A social networking service scraper in Python
GNU General Public License v3.0
4.31k stars 698 forks source link

Auth and rate limits with GraphQL API #984

Closed zozoheir closed 1 year ago

zozoheir commented 1 year ago

First of all thanks a lot for the new updates, it's looking great!

I've been looking through the code but couldn't figure out how the library manages to search without user auth. My understanding is the graphQL api still requires user auth and thus using requests reasonably. With the new updates I'd like to please understand how api limits work now and what kind of access does the library have to search user tweets etc. On twitter.com I can't search anything without being authenticated so it must be using some kind of auth? Thanks in advance!

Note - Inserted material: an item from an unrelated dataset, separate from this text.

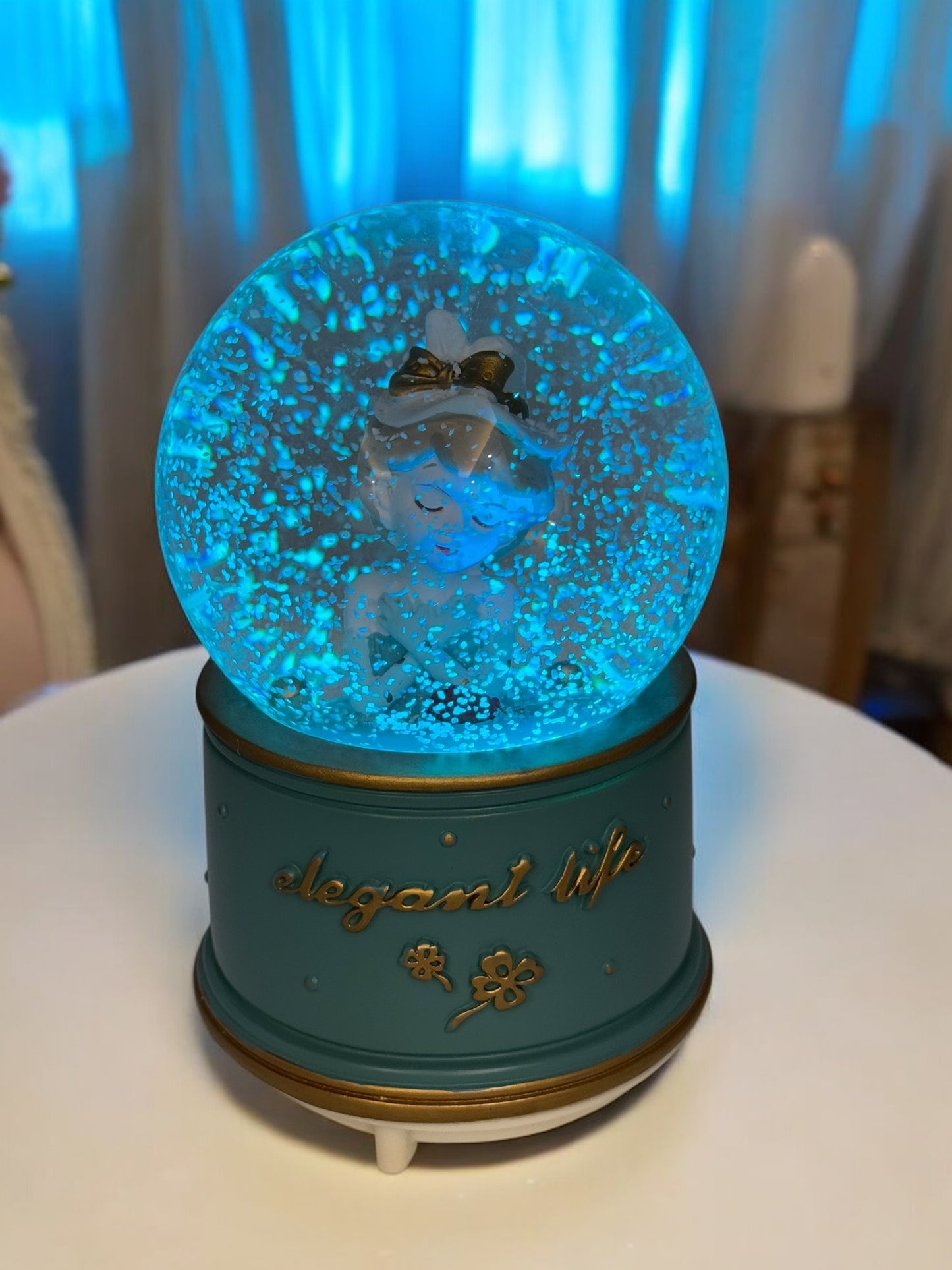 Prenses Temalı Büyük Boy Püskürtme Motorlu Kar Küresi 4-597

JustAnotherArchivist commented 1 year ago

No auth involved. snscrape uses the unofficial API as it's used by the website. It's possible to get banned, but you have to try quite hard to make that happen. Even a few parallel scrapes seem to be fine.

385 #551 etc. are still accurate as far as I'm aware.

zozoheir commented 1 year ago

Thanks for your response! This library https://github.com/vladkens/twscrape actually uses snscrape for querying the twitter graphQL API, but it actually does require account and has a whole module on managing multiple concurrent accounts. Do you have an explanation why Nitter and snscrape don't require auth and are able to do search whereas Twitter requires auth to do search on the web app, and maybe why twscrape also requires auth to use snscrape?

How come snscrape doesn't require any of that? I'm not complaining actually the opposite no auth sounds great so just trying to understand the trick

TheTechRobo commented 1 year ago

I don't think it uses snscrape, it just uses a compatible API so your JSONL parsers or snscrape-based scripts can still work: https://github.com/search?q=repo%3Avladkens%2Ftwscrape%20snscrape&type=code https://github.com/vladkens/twscrape/blob/815189e27726d1a117cd576f28a156293248580d/twscrape/models.py

JustAnotherArchivist commented 1 year ago

One of the search endpoints on Twitter's unofficial API does not require auth. That's it. It wasn't me who found it, but it's not exactly hidden either if you know where to look.